By Judy Nagel, Envision Board Member and Upward Mobility Signals Team
Could the Indian and Chinese economies outpace the economies of the United States and Western Europe? Economic analysts say yes. Projections show the U.S. percentage of world GDP shrinking from 16% to 12%, with China’s share growing from 16% to 27% and India’s GDP growing from 7% to 16%. (These new levels are anticipated by 2100.)
So how is this possible? Currently China’s and India’s productivity growth lags behind that of the United States, but, if Chinese workers were as productive as American workers, China’s GDP would exceed the U.S. GDP by a factor of 4.3. Because this analysis is based on productivity and demographics, however, immigration growth would boost the U.S. economy in the long term.
Economists cited in “Will China and India Become the World’s Top Economies?

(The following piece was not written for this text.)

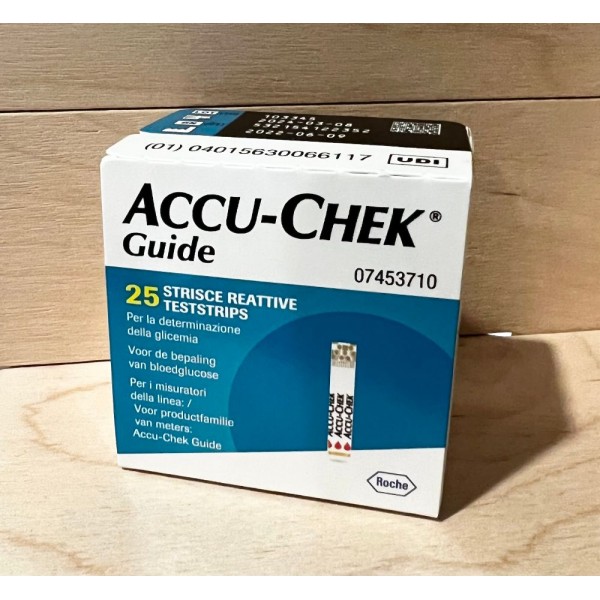 ACCU CHEK GUIDE 25 STRISCE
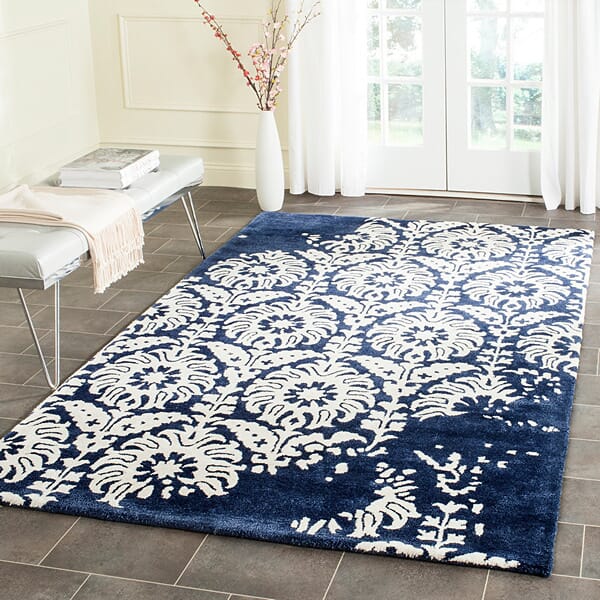 Safavieh Bella Bel125D Navy / Ivory Rugs.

It Depends” take note of – and exception to – a 2019 study that positions the U.S. as “the end-of-century economic kingpin.” Another perspective these authors offer puts India in the lead by 2100. Why? Because India’s population will be double that of China but with the same labor productivity. They characterize the possible position of the U.S. by century’s end as “particularly grim,” and suggest that Western Europe could move from one of the world’s largest economies to one of its smallest.
The authors identify a variety of changes that could determine the actual “economic kingpin” at the end of this century, including reduction of legal immigration into the U.S. or China’s continued one-child policy along with its preference for less efficient state enterprises over a more efficient private sector. These are definitely early signals that the response from multiple players will determine future economic dominance.